怒りと嫌悪を利用してユーチューバーと芸能メディアをたきつけるビッグテック

誹謗中傷の裏に隠れた真犯人

「悪魔のアルゴリズム」を変えるべき

 メタ社のザッカーバーグ氏やネイバーの李海珍(イ・ヘジン)氏は、納得できないかもしれない。ロヒンギャ族の存在すら知らなかったかもしれないし、映画『アジョシ』の少女(故キム・セロンさん)が大人になったことも知らなかったかもしれない。しかし、「ユーザーの参加を最大化すること」は、その当時も今もビッグテックのアルゴリズムの第一原則だ。紙の新聞など、いわゆるオールドメディアがこの女優の私生活を記事にせず、品位を落とすことを避けている間に、収益創出を夢見るユーチューバーやネットメディアは「飲酒運転で自粛中に酒盛り」「セルフ熱愛説、鳥肌ものの言動」といったヘイトコンテンツを量産していった。

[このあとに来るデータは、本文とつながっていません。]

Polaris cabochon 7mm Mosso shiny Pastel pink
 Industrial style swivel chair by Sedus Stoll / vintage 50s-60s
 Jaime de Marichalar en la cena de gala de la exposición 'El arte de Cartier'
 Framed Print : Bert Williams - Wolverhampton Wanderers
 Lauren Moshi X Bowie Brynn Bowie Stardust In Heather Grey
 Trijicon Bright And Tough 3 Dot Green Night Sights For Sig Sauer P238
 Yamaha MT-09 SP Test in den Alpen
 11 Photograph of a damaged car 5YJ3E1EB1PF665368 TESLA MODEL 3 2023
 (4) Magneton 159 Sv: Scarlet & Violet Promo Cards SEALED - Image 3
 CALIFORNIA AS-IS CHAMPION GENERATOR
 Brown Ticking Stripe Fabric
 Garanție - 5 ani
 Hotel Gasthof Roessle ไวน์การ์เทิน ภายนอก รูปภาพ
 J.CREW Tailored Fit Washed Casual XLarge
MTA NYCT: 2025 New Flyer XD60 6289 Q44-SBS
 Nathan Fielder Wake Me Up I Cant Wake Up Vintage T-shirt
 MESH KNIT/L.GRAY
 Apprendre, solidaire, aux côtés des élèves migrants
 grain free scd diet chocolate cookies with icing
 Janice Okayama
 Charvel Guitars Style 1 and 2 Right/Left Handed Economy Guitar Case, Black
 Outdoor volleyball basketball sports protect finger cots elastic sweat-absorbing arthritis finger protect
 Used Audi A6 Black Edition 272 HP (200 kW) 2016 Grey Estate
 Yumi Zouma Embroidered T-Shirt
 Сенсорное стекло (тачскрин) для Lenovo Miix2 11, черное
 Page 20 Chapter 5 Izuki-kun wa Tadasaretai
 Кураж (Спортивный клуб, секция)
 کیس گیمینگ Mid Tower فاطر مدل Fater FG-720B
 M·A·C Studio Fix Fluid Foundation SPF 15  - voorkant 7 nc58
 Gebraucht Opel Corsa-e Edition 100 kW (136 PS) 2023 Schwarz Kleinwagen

 SNS(交流サイト)やビッグテックのプラットフォームの必要性を否定するわけではない。より積極的な自浄装置とアルゴリズムの修正が必要だと言っているのだ。メリットはたくさんあるのに、今のユーチューブとX(旧ツイッター)とフェイスブックとTikTokは「真実を奨励するのではなく、フェイクと虚構に褒賞を与える誤った増幅装置」(ユヴァル・ノア・ハラリ著『NEXUS 情報の人類史』)に近い。

 好きな逸話に、5歳の少年と父親によるゲームのエピソードがある。ゲームで負けた少年のパソコン画面に「fail(失敗)」という表示が出る。英語の意味を理解しているのか気になった父親が尋ねる。「お前、failがどういう意味か知ってるのか?」。すると、少年は無邪気に笑いながら答える。「うん、パパ。『もう一回やれ』って意味だよ」

 失敗ではなく、もう一度やれ。一度転んでも再び立ち上がれる社会。再起が可能になるよう「悪魔のアルゴリズム」を変えなければならない。恐竜が自分の首に鈴を付けることはできない。法と政治が圧力を掛け続けなければならないのだ。